We have enjoyed the freedom and creativity inherent in developing this innovative, interdisciplinary Medical Humanities Graduate Program. And we continue to struggle with the difficulty of stating precisely what a medical humanities degree signifies, how medical humanists are trained, and what they do after completing their graduate education. What does it mean to become a medical humanist by studying at the IMH? This question cannot be adequately answered abstractly or in advance of the experience itself, but some useful things can be said. Becoming a medical humanist is not simply a matter of taking an array of interdisciplinary courses in the medical humanities or of acquiring the knowledge and skills of a clinical ethicist. Becoming a medical humanist includes more than curricular and professional development. Formal humanities knowledge and clinical competence must be personally integrated so that they become humanistic—a word with so many meanings and (often negative) connotations that it is rarely used today in scholarly discourse.
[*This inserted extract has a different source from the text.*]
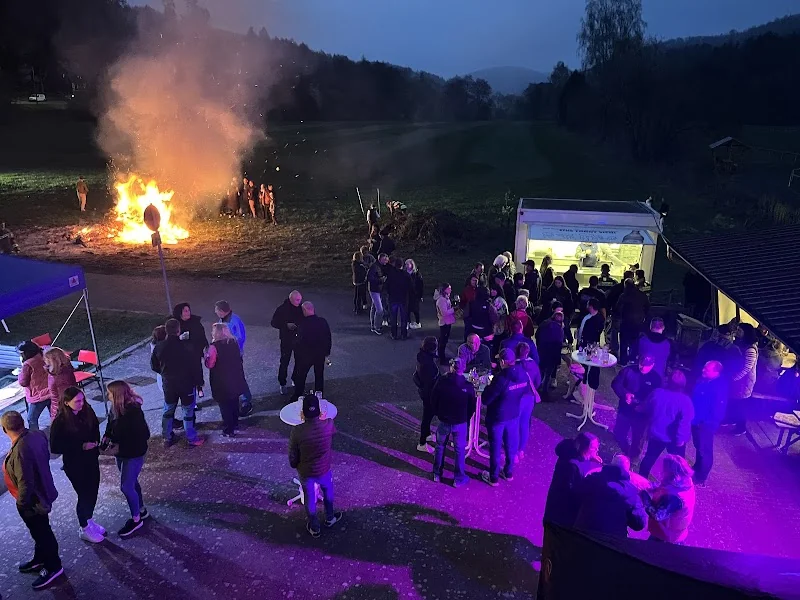 Event: Sportlerheim Hinternah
By humanistic, we refer to knowledge (not necessarily in the humanities), clinical competence, or practice that is informed by the ancient ideal of humanitas. The original meaning of the Latin word humanitas was human feeling; the word gradually became associated with an educational ideal that blended knowledge, humane feeling, and compassionate action. It is this wonderful and elusive mixture of knowledge, feeling, and action—the humanist educational ideal in Lionel Trilling's terms—that we are trying to recapture and refigure in a contemporary health-care setting. Humanistic knowledge is more difficult to achieve than cognitive knowledge alone, because it demands heightened awareness that all knowledge resides in particular individuals who are embodied, embedded in social relationships, and limited. Humanistic knowledge requires attention to the context of knowledge making and to the practical needs and problems of any given situation. It requires a depth of self-understanding, which allows both detached discernment and personal engagement, depending on the human needs of any given situation and the scholarly, clinical, or pedagogical aims of the knower.
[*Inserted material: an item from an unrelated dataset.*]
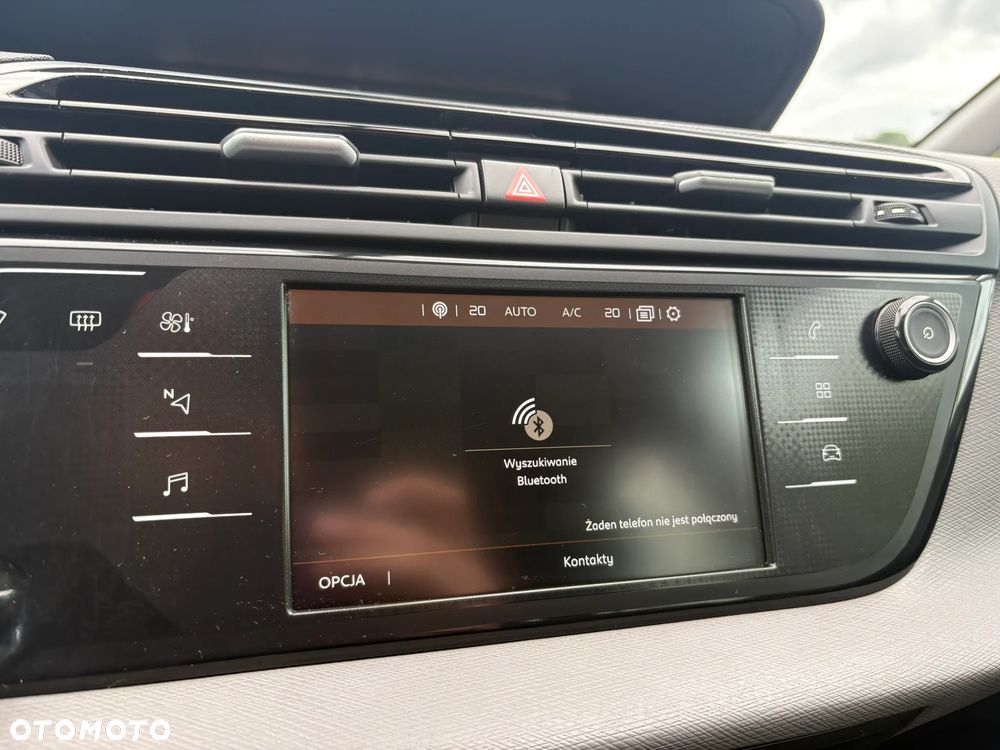 Citroën C4 SpaceTourer 1.2 PureTech More Life S&S EAT8 - 20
The personal integration essential to humanistic knowledge is a fluid, holistic ideal that can occasionally be achieved and exemplified but cannot be taught directly or didactically. It is an ongoing personal and interpersonal process. The IMH faculty therefore conceives the development of a medical humanities graduate student as a kind of "moral career" in itself—one that involves collaborative cultivation of a responsible engaged self who seeks his or her own unique blend of knowledge, feeling, and action.
By and large, humanities scholars in contemporary academic life are cut off from this strenuous holistic ideal and from its ancient and Renaissance humanist origins. Especially since the late nineteenth century, academic humanists have been encouraged to take up permanent residence within the boundaries of a particular humanities discipline and to pursue specialized research and teaching. Without devaluing the necessity of specialized research and teaching, the IMH faculty believes that becoming a medical humanist—and striving for humanistic knowledge and competence—require a strong historical and conceptual grounding in the humanist educational ideal in the West. This effort to connect graduate education in the medical humanities with the humanist tradition is what makes our program unique.